Blaise Diarra, médecin malienà franceinfo
Au Mali, la France est perçue par une partie de la société civile comme ayant une politique agressive qui défend uniquement ses intérêts économiques en Afrique. Une large frange de la population milite pour des partenariats gagnant-gagnant entre les États, et fustige "France-Afrique" et ses rapports de domination. Les discours nationalistes ont de plus en plus d’écho dans le pays. Pour preuve, la manifestation de vendredi est considérée comme une mobilisation pour la défense de la souveraineté du peuple malien vis-à-vis de la France et des dirigeants de la communauté des états d’Afrique de l’ouest, la Cedeao qui ont durement sanctionné le Mali.
En Centrafrique, une rancœur contre la France
En Centrafrique, second pays le plus pauvre du monde, déchiré par la guerre civile depuis 2013, Paris a également adopté des sanctions et durci sa position diplomatique suite à des campagnes contre la France. Selon le correspondant de franceinfo à Bangui, il n’existe pas vraiment de sentiment anti-français au sein de la population centrafriquaine. Carol Valade a, en revanche, constaté une forme de rancœur au sein de l’élite politique. Un sentiment d’abandon vis-à-vis de l’ancien colonisateur qui a toujours joué un rôle politique et militaire depuis l’indépendance.
La France est intervenue lors de la guerre civile en 2013, c’était l’opération Sangaris qui a pris fin trois ans plus tard. Le pouvoir de Bangui s’est alors tourné vers la Russie pour assurer sa sécurité et combattre les groupes rebelles qui contrôlaient la quasi-totalité de son territoire. Et c’est à ce moment qu’apparaissent les premières actions hostiles à la France, parallèlement à la montée en puissance du groupe, comme au Mali, de Wagner, la société militaire privée russe dont les membres sont qualifiés de mercenaires par l’ONU. Ces miliciens sont accusés de graves exactions contre les civils.
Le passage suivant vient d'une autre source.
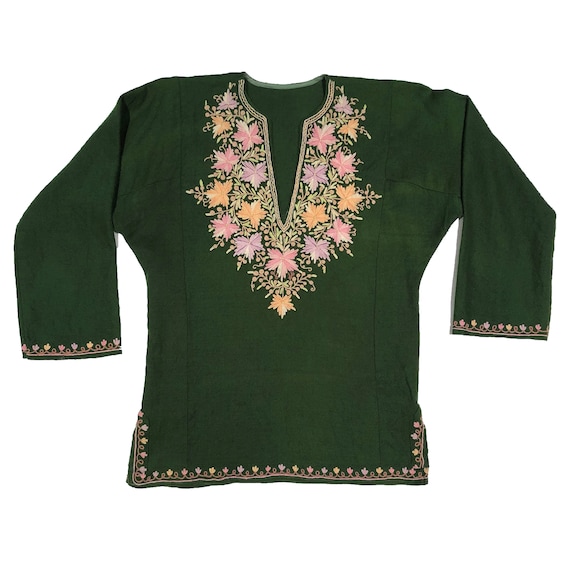 Embroidered Tunic from the 1970s Forest Green Woo… - image 1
Ces campagnes anti-françaises ont d’abord pris la forme d’une inflexion dans les discours politiques : des articles de presse, des petites manifestations et une activité surabondante de désinformation sur les réseaux sociaux. "Ce discours anti-français permet de légitimer une présence de mercenaires prédateurs russes", a déclaré au printemps dernier Emmanuel Macron. Le chef de l'État français a accusé son homologue centrafricain d’être "l’otage du groupe Wagner". Paris a alors suspendu son aide budgétaire et rappellé une partie des coopérants.
Cette défiance ne vise pas uniquement la France mais aussi les Nations unies en Centrafrique avec pour conséquence un isolement croissant de Bangui sur le plan international. Les États-Unis ont également cessé leur appui logistique, l’Union européenne a suspendu ses formations tandis que le FMI tarde à débloquer ses fonds pour les mêmes raisons. Le président Touadéra est aujourd’hui pris entre deux feux, pour ainsi dire. La Russie, d’un côté, qui lui fournit l’aide militaire indispensable à sa survie politique et la France et les occidentaux, de l’autre côté, qui tiennent les cordons de la bourse et de la reconnaissance sur le plan international.